WORK ORDER: Print out the data precisely as it appears here, with no pictures.

DATASET EXCERPT:
..............................

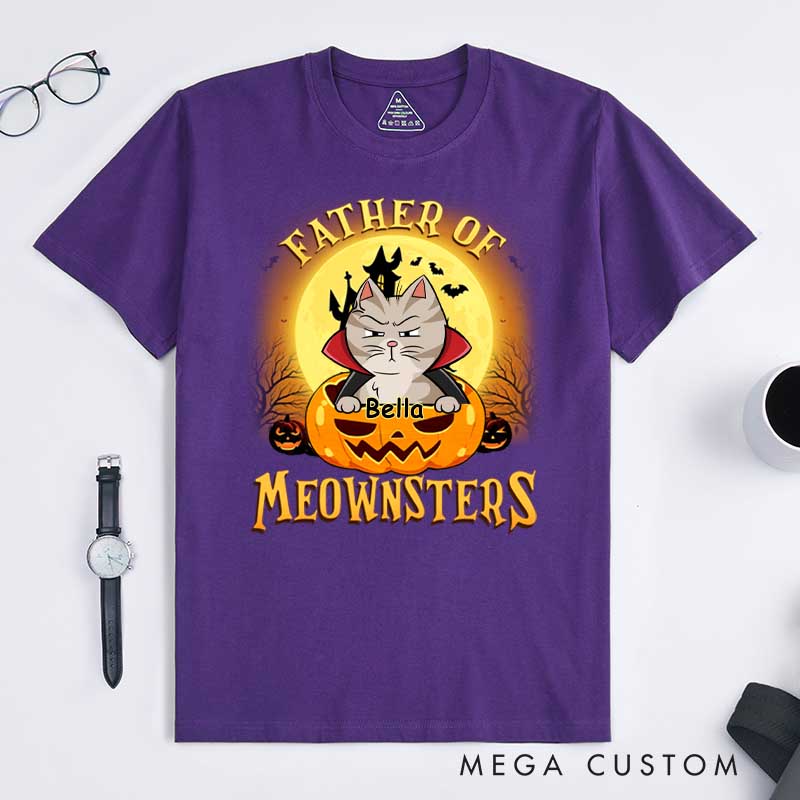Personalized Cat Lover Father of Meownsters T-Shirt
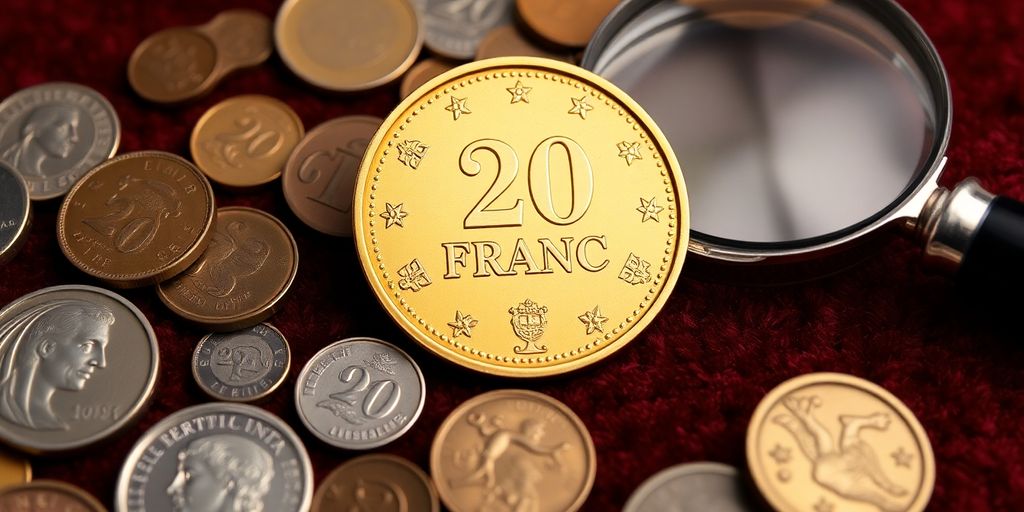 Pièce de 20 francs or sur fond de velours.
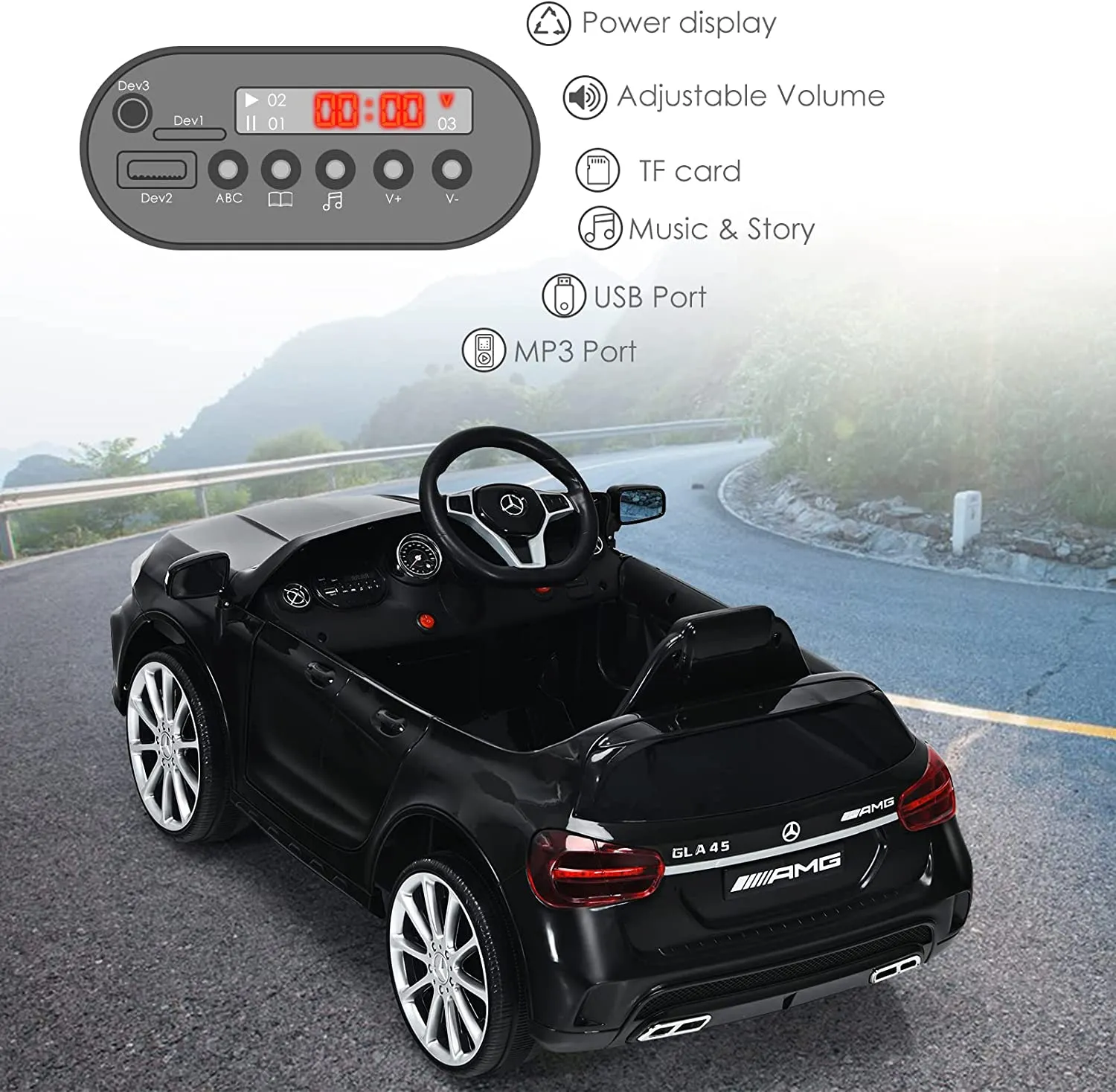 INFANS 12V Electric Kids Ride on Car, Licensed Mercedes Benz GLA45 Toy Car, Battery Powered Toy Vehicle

..............................

WRITTEN SOLUTION:
Personalized Cat Lover Father of Meownsters T-Shirt
 Pièce de 20 francs or sur fond de velours.
 INFANS 12V Electric Kids Ride on Car, Licensed Mercedes Benz GLA45 Toy Car, Battery Powered Toy Vehicle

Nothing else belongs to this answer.